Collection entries
===============

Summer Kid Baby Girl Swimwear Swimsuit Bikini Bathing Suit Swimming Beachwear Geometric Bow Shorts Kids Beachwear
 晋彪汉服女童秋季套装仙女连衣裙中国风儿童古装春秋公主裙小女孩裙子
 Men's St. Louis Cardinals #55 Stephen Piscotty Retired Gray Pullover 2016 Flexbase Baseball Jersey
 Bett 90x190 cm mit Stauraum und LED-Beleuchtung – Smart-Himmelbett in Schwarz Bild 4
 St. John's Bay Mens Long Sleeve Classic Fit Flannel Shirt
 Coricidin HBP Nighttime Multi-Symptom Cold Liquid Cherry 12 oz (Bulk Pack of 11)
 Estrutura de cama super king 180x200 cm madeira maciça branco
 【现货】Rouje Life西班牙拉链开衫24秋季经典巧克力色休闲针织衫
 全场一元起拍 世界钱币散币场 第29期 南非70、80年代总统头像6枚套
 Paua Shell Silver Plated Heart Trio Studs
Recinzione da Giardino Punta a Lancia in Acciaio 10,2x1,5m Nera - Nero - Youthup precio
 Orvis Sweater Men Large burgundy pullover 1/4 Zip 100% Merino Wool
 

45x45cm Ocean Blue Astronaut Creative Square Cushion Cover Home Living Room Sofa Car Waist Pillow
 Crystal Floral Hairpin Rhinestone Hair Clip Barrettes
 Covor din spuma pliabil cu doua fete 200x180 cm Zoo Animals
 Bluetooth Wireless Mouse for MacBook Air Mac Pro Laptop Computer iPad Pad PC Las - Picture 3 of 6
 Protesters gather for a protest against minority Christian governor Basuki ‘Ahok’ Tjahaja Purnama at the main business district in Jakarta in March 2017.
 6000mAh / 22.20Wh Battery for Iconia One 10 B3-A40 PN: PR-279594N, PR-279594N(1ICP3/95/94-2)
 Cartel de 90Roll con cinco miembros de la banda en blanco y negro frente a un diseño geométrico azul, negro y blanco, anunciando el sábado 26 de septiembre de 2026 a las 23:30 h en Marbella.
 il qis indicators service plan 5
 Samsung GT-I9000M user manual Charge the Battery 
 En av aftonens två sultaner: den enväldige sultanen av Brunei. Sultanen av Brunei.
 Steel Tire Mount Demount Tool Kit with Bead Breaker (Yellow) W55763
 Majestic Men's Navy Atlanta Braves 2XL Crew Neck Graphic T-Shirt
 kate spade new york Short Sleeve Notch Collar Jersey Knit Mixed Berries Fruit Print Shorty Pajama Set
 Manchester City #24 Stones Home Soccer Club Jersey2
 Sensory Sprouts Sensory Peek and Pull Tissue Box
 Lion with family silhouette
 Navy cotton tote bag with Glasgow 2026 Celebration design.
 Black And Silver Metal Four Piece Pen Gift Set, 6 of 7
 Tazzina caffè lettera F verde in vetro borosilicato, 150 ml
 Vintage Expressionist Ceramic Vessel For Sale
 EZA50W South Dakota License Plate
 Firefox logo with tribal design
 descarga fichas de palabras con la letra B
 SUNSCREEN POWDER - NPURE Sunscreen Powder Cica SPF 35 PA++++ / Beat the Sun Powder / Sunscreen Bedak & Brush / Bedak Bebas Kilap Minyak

===============

## TO DO
Transcribe the records above exactly as they appear.

## RESULT FOR THIS TASK
Summer Kid Baby Girl Swimwear Swimsuit Bikini Bathing Suit Swimming Beachwear Geometric Bow Shorts Kids Beachwear
 晋彪汉服女童秋季套装仙女连衣裙中国风儿童古装春秋公主裙小女孩裙子
 Men's St. Louis Cardinals #55 Stephen Piscotty Retired Gray Pullover 2016 Flexbase Baseball Jersey
 Bett 90x190 cm mit Stauraum und LED-Beleuchtung – Smart-Himmelbett in Schwarz Bild 4
 St. John's Bay Mens Long Sleeve Classic Fit Flannel Shirt
 Coricidin HBP Nighttime Multi-Symptom Cold Liquid Cherry 12 oz (Bulk Pack of 11)
 Estrutura de cama super king 180x200 cm madeira maciça branco
 【现货】Rouje Life西班牙拉链开衫24秋季经典巧克力色休闲针织衫
 全场一元起拍 世界钱币散币场 第29期 南非70、80年代总统头像6枚套
 Paua Shell Silver Plated Heart Trio Studs
Recinzione da Giardino Punta a Lancia in Acciaio 10,2x1,5m Nera - Nero - Youthup precio
 Orvis Sweater Men Large burgundy pullover 1/4 Zip 100% Merino Wool
 

45x45cm Ocean Blue Astronaut Creative Square Cushion Cover Home Living Room Sofa Car Waist Pillow
 Crystal Floral Hairpin Rhinestone Hair Clip Barrettes
 Covor din spuma pliabil cu doua fete 200x180 cm Zoo Animals
 Bluetooth Wireless Mouse for MacBook Air Mac Pro Laptop Computer iPad Pad PC Las - Picture 3 of 6
 Protesters gather for a protest against minority Christian governor Basuki ‘Ahok’ Tjahaja Purnama at the main business district in Jakarta in March 2017.
 6000mAh / 22.20Wh Battery for Iconia One 10 B3-A40 PN: PR-279594N, PR-279594N(1ICP3/95/94-2)
 Cartel de 90Roll con cinco miembros de la banda en blanco y negro frente a un diseño geométrico azul, negro y blanco, anunciando el sábado 26 de septiembre de 2026 a las 23:30 h en Marbella.
 il qis indicators service plan 5
 Samsung GT-I9000M user manual Charge the Battery 
 En av aftonens två sultaner: den enväldige sultanen av Brunei. Sultanen av Brunei.
 Steel Tire Mount Demount Tool Kit with Bead Breaker (Yellow) W55763
 Majestic Men's Navy Atlanta Braves 2XL Crew Neck Graphic T-Shirt
 kate spade new york Short Sleeve Notch Collar Jersey Knit Mixed Berries Fruit Print Shorty Pajama Set
 Manchester City #24 Stones Home Soccer Club Jersey2
 Sensory Sprouts Sensory Peek and Pull Tissue Box
 Lion with family silhouette
 Navy cotton tote bag with Glasgow 2026 Celebration design.
 Black And Silver Metal Four Piece Pen Gift Set, 6 of 7
 Tazzina caffè lettera F verde in vetro borosilicato, 150 ml
 Vintage Expressionist Ceramic Vessel For Sale
 EZA50W South Dakota License Plate
 Firefox logo with tribal design
 descarga fichas de palabras con la letra B
 SUNSCREEN POWDER - NPURE Sunscreen Powder Cica SPF 35 PA++++ / Beat the Sun Powder / Sunscreen Bedak & Brush / Bedak Bebas Kilap Minyak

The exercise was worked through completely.